Webb C M, Ghatei M A, McNeill J G, Collins P
Cardiac Medicine, National Heart & Lung Institute, Imperial College School of Medicine, and Royal Brompton Hospital, London, UK.
Circulation. 2000 Oct 3;102(14):1617-22. doi: 10.1161/01.cir.102.14.1617.
Estrogen reverses acetylcholine-induced coronary vasoconstriction via the possible facilitation of endothelium-derived NO. Estrogen also affects endothelium-derived constrictor factors. We therefore investigated the effects of 17beta-estradiol on coronary vasomotor responses to substance P (SP), and coronary sinus endothelin-1 and NO metabolite levels in postmenopausal women with coronary heart disease.
We studied 20 women; 14 received estrogen (mean age 65+/-2 years) and 6 served as ethanol control subjects (age 63+/-3 years). Intracoronary infusions of papaverine (8 mg) and SP were administered before and 20 minutes after 50 pg/min 17beta-estradiol or 0.2 microL/min control. Coronary blood flow was calculated from the diameter, as measured with quantitative coronary angiography, and flow velocity, as measured with intracoronary Doppler. Coronary sinus plasma endothelin-1 and nitrite/nitrate (NO(2)/NO(3)) were measured at baseline, at peak velocity response to each infusion, and every 5 minutes during the estradiol infusion.

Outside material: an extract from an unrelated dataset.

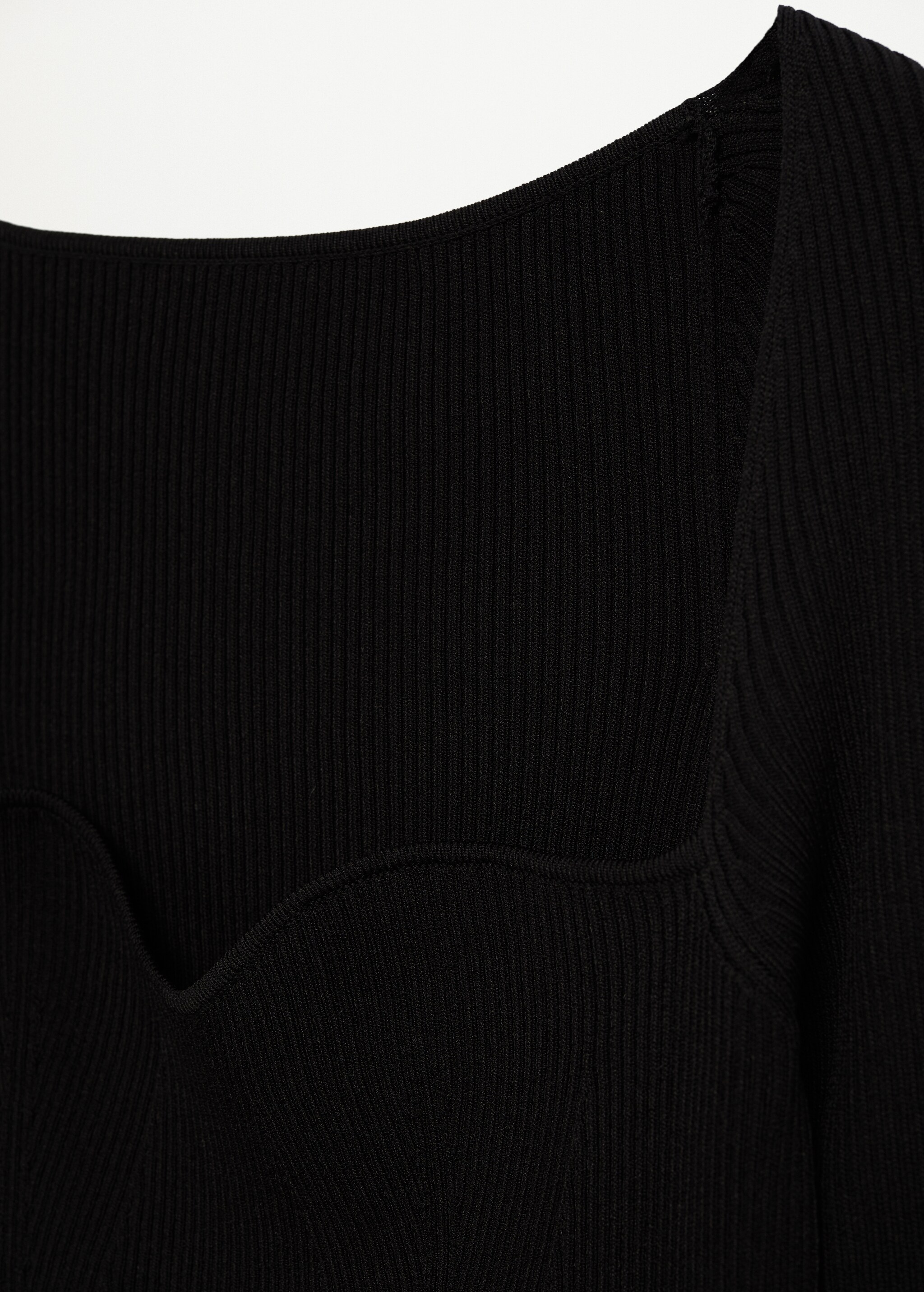 Jersey escote corazón - Detalle del artículo 8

Endothelin-1 levels were decreased after 20 minutes of estradiol (1.12+/-0.18 versus 0.86+/-0.17 pmol/L baseline2 versus estradiol, P:=0.05). Endothelin-1 levels to SP decreased after 17beta-estradiol (1.29+/-0. 18 versus 1.04+/-0.15 and 1.3+/-0.16 versus 0.99+/-0.17 pmol/L for before versus after estradiol, 10 and 25 pmol/min SP; both P:<0.05). NO(2)/NO(3) levels did not change. There was no change in vasomotor responses to estradiol alone or to papaverine or SP before versus after estradiol.
Short-term intracoronary 17beta-estradiol administration decreases coronary endothelin-1 levels. There was no enhancement of vasomotor responses to SP after the administration of estrogen, suggesting that the effects of estrogen on coronary acetylcholine responses may be a specific and not a generalized effect on coronary vasoreactivity.
雌激素可能通过促进内皮源性一氧化氮(NO)的生成来逆转乙酰胆碱诱导的冠状动脉收缩。雌激素还会影响内皮源性收缩因子。因此,我们研究了17β-雌二醇对冠心病绝经后女性冠状动脉对P物质(SP)的血管舒缩反应以及冠状窦内皮素-1和NO代谢产物水平的影响。
我们研究了20名女性;14名接受雌激素治疗(平均年龄65±2岁),6名作为乙醇对照受试者(年龄63±3岁)。在以50 pg/min的速度输注17β-雌二醇或0.2 μL/min的对照液之前及之后20分钟,分别进行冠状动脉内注射罂粟碱(8 mg)和SP。通过定量冠状动脉造影测量的直径以及冠状动脉内多普勒测量的流速来计算冠状动脉血流量。在基线、对每次注射的峰值速度反应时以及雌二醇输注期间每5分钟测量一次冠状窦血浆内皮素-1和亚硝酸盐/硝酸盐(NO₂/NO₃)。雌二醇输注20分钟后内皮素-1水平降低(基线时为1.12±0.18 pmol/L,与雌二醇后为0.86±0.17 pmol/L相比,P = 0.05)。17β-雌二醇后对SP的内皮素-1水平降低(对于雌二醇前与雌二醇后,10和25 pmol/min的SP,分别为1.29±0.18与1.04±0.15以及1.3±0.16与0.99±0.17 pmol/L;两者P < 0.05)。NO₂/NO₃水平未改变。单独对雌二醇或对雌二醇前后的罂粟碱或SP的血管舒缩反应没有变化。
短期冠状动脉内给予17β-雌二醇可降低冠状动脉内皮素-1水平。雌激素给药后对SP的血管舒缩反应没有增强,这表明雌激素对冠状动脉乙酰胆碱反应的影响可能是对冠状动脉血管反应性的一种特异性而非普遍作用。